Sebab dia lahir melewati proses dan ditumbuh-kembangkan melalui beberapa faktor
yang saling berkaitan secara dinamis dan bersifat akumulatif (faktor – faktor
di bawah ini terbuka bagi pembaca untuk mengurangi atau menambahkannya); Faktor
pertama, Pendidikan. Yaitu; Didik-Diri-Realitas.

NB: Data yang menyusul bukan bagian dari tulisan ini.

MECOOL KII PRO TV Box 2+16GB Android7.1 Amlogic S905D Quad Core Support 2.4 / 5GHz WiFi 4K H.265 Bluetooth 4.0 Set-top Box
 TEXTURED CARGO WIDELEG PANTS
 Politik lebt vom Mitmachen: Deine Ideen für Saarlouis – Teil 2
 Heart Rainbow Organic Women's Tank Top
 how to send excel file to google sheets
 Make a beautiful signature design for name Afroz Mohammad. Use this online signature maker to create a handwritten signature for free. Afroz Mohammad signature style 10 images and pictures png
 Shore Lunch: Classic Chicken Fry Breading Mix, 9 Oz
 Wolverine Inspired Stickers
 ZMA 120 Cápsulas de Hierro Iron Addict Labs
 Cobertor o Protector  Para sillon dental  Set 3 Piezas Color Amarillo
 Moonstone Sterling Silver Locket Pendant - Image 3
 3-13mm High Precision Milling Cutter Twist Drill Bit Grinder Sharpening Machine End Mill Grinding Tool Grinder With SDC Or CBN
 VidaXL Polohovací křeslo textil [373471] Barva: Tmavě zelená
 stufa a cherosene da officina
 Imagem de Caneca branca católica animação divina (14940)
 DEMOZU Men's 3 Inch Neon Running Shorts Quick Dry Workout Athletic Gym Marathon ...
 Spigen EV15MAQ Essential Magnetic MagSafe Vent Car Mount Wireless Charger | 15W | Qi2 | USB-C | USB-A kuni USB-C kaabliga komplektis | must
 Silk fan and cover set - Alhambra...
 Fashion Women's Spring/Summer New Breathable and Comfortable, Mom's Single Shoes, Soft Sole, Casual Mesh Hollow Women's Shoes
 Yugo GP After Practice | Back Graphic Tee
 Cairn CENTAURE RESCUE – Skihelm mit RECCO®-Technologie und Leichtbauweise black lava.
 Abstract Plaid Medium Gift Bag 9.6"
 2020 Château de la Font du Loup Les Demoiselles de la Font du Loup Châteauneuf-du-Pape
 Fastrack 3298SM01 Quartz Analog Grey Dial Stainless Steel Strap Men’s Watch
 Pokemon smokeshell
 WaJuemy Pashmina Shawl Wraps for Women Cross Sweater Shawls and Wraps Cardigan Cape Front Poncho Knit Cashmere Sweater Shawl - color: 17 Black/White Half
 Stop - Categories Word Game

hubungan ketiga kata ini memiliki keluasan pengartian yang dapat dimaknai
secara subyektif, obyektif ataupun relatif. Terlepas dari itu, penulis lebih
suka menyusun peng-artiannya dengan mengadaptasi konsep Pendidikan Hadap
Masalah yang digaungkan Paulo Freire dan Y.B Mangunwijaya. Proses pendidikan
ini diterapkan dengan pengintegrasian realitas sebagai titik fokus untuk proses
pembelajaran, pengetahuan dan pemahaman. Sehingga dapat dilakukan oleh setiap
individu, komunitas, dan lembaga secara formal, informal ataupun non formal. Sedangkan
tujuannya bermuara pada pembangunan kualitas sumber daya manusia (SDM) yang
tidak tercerabut dari budayanya, mampu menghadapi berbagai perubahan dan
meningkatkan kesejahteraan hidup (diri dan masyarakat) yang sesuai dengan
perkembangan zaman. Dengan kata lain, SDM yang berkualitas adalah individu dan masyarakat
yang memiliki karakter “Glocalization”.
Pendidikan-Realitas
sebagai salah satu faktor dari konstruksi “kekuatan-mental”, selaras dengan
ungkapan Paulo Freire tentang konsep pendidikan. Pendidikan merupakan jalan
untuk membebaskan manusia dari berbagai persoalan hidup yang melingkupinya,
memberikan peluang bagi pengakuan derajat manusia. Minimalnya, manusia dihargai
sebagai manusia. Lebih spesifik, konsep pendidikan harus terbuka pada
pengenalan realitas diri, prakteknya mengimplikasikan konsep manusia dan
dunianya, agar manusia menjadi subyek dirinya sendiri.
Yang
kedua adalah; Kemampuan-Kebebasan. Uraian
tentang hal ini saya awali dengan ungkapan bahwa: setiap individu adalah
makhluk yang ajeg dan unik, serta memiliki ke-khasan personal. Kaitannya dengan
“kemampuan” terlihat dari sifat-potensi yang melingkupi setiap individu, yaitu:
Potensi diri yang bersifat “natural-ability” (kemampuan dan bakat yang dibawa
semenjak lahir) dan potensi yang didapat berdasarkan proses pengalaman setiap
individu yang berbeda - beda. Kemudian “kebebasan” tertuang melalui; bagaimana
cara individu berfikir, bersikap, berperilaku dan bertindak yang seyogyanya
mengarah pada pencapaian tujuan hidup individu. Selanjutnya pemaknaan terhadap
kebebasan menjadi pertanggung jawaban individu secara aktual dan konkrit.
Faktor
yang ketiga: Keberanian. Siapa yang kehilangan Keberanian, dia telah
kehilangan segalanya! Ungkap Nietzche. Dan
jamak rasanya membaca pernyataan para pemikir lainnya yang sering kali berujung
pada ungkapan tentang keberanian yang menjadi kunci keberhasilan seseorang.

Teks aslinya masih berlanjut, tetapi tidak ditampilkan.